Wednesday, September 12, 2012


I'm reading a book right now that is well researched and has an engaging main character and a great voice. It's historical, but has a very immediate feeling to it (which is what makes people like or dislike historical novels, I suspect--ie how immediate it feels). There is one aspect, though, that keeps pulling me out of the story. And that's social anachronism.
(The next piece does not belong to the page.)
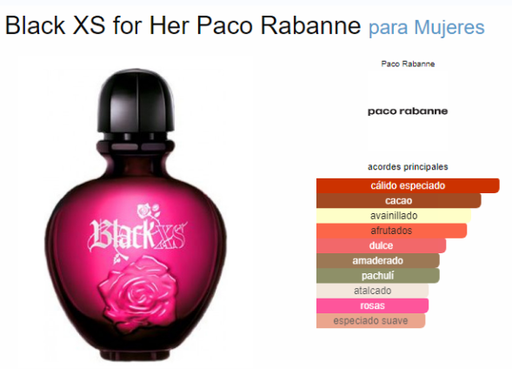 [420313] PACO RABANNE BLACK XS TRADICIONAL FEM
Okay, yes, you can make your character any way you want to--as long as they're believable as a person. So if one of your characters is a really well educated peasant in the 15th century, or is a person who doesn't believe in marriage in Austen's time, or any number of other non-social-norm situations, well, you'd better have a pretty good reason for that character to be that way. I see a lot of authors who do try to back up their reasoning here. But where things seem to break down is when they want to insert that quirky character into the greater historical world, and everyone's suddenly okay with the modern attitudes and actions they bring along. I am not saying that people did not do some of these things way back when. What I am saying is that they were not considered okay/normal/unsurprising. So for your world at large to have no reaction, for your characters to have no consequences, for everything to breezily move along as if part of the modern world were dropped right into the past with no jarring whatsoever, is not believable.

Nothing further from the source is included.